Augusto Mota cultiva esta ficção breve com a mestria que lhe é própria, alicerçada na vasta cultura acumulada ao longo de uma vida diversificada por múltiplos interesses. A sua arte e saber não se esgotam na pintura, na banda desenhada, na poesia, na fotografia, na sensibilidade ecológica e no prazer das pequenas coisas que cultiva como "jardineiro-filósofo", na feliz definição de Alberto Pimenta, no Vestíbulo deste livro.
"Sujeito Indeterminado" assinala o regresso de Mota à escrita impressa, com um "breviário de textos brevíssimos", alguns dos quais já conhecíamos da navegação na Internet. Ainda bem que o fez, porque não há nenhum suporte que chegue à maravilha da palavra impressa sob a forma táctil de livro.
"Perturbador" é a primeira constatação que retiro destes 65 textos que instalam a desordem no pensamento do leitor incauto. Desestruturadores, eles lançam pistas para novas e divergentes leituras, além das que lá estão visíveis em prosa sugestiva e irrepreensível.
Prosas desconcertantes, pois, apresenta-nos este autor leiriense.
Nada melhor que acabar esta nota transrevendo um texto ao acaso: "Era fã da Bo Derek e tinha grande experiência do ofício.
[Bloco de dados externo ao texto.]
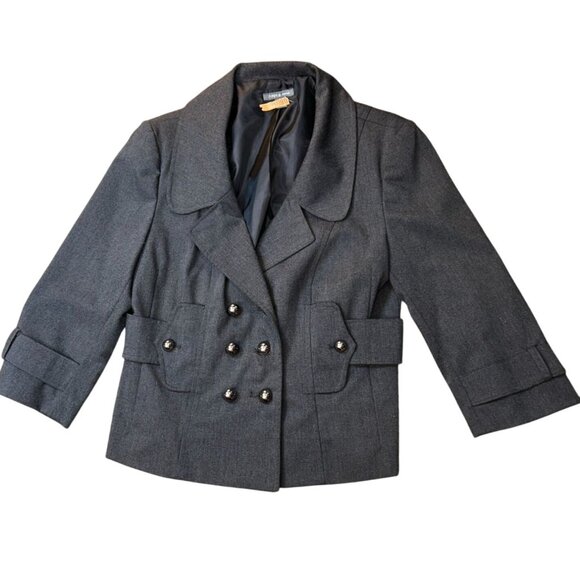 APT 9 Stretch Notched Lapel Belted Blazer in Gray Size 8 - Picture 6 of 8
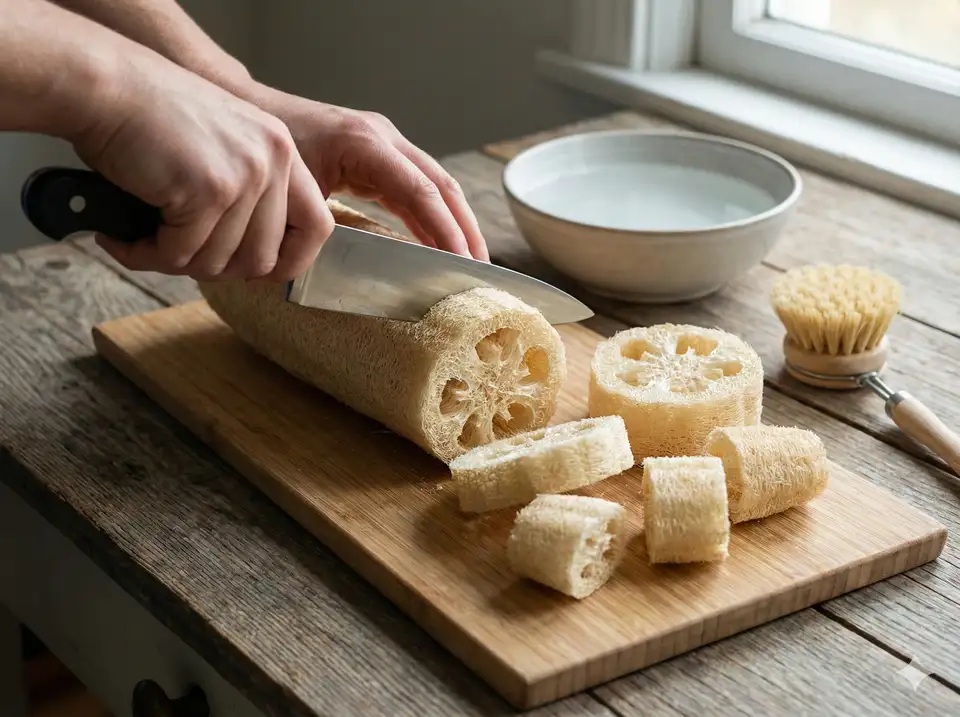 Cutting dried loofah into convenient dish scrubber sizes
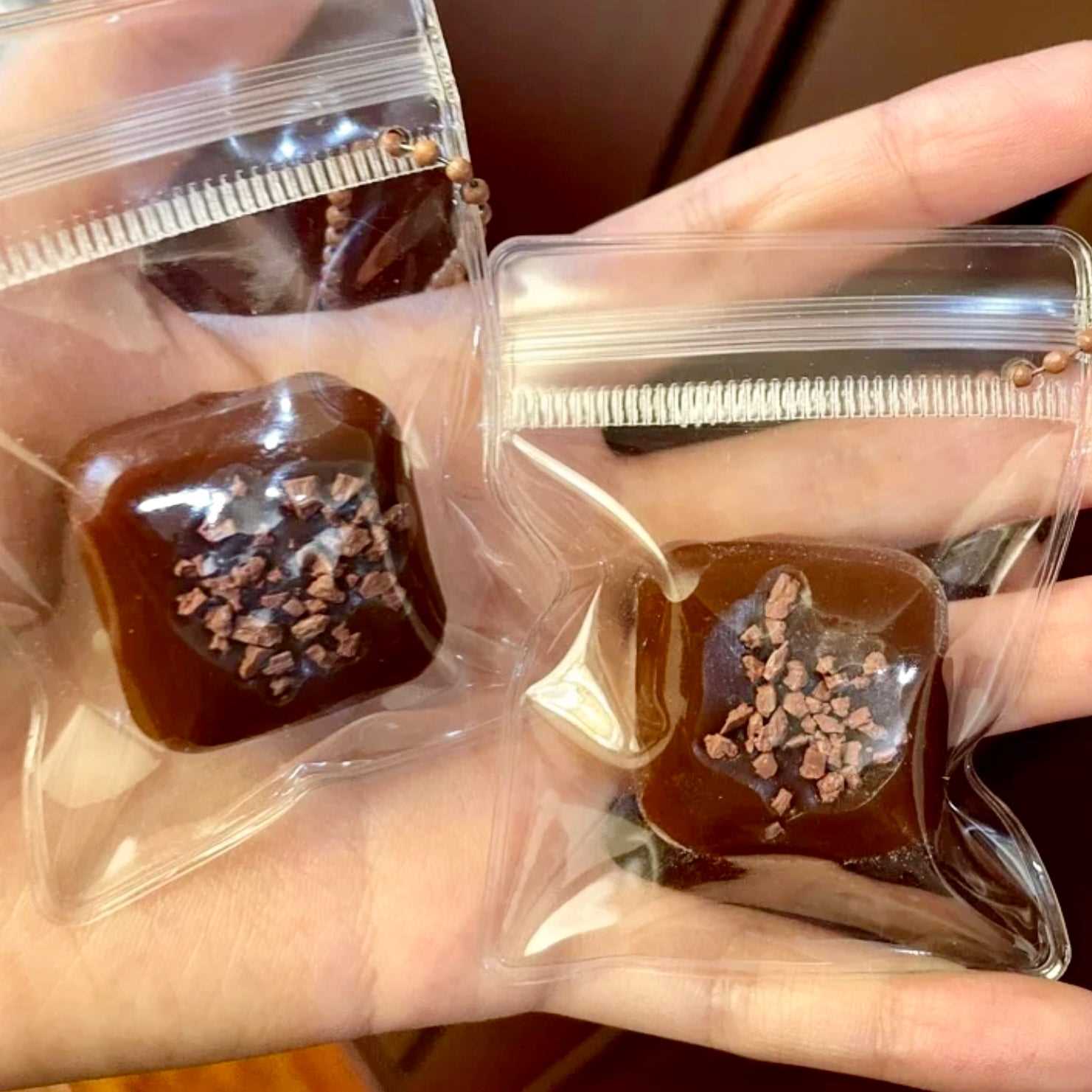 Small Square strawberry/chocolate taba squishy pendant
Podava as árvores ao som do Bolero de Ravel. Por isso os frutos saíam tão suculentos e apetitosos".
"Sujeito Indeterminado", livro que se devora num fôlego único, só pode ser surpresa para quem desconhece as virtudes do autor, igualmente responsável pelo belo aspecto gráfico deste "breviário".
Por agora o tempo é de fruição do que temos nas nossas mãos. Orlando Cardoso.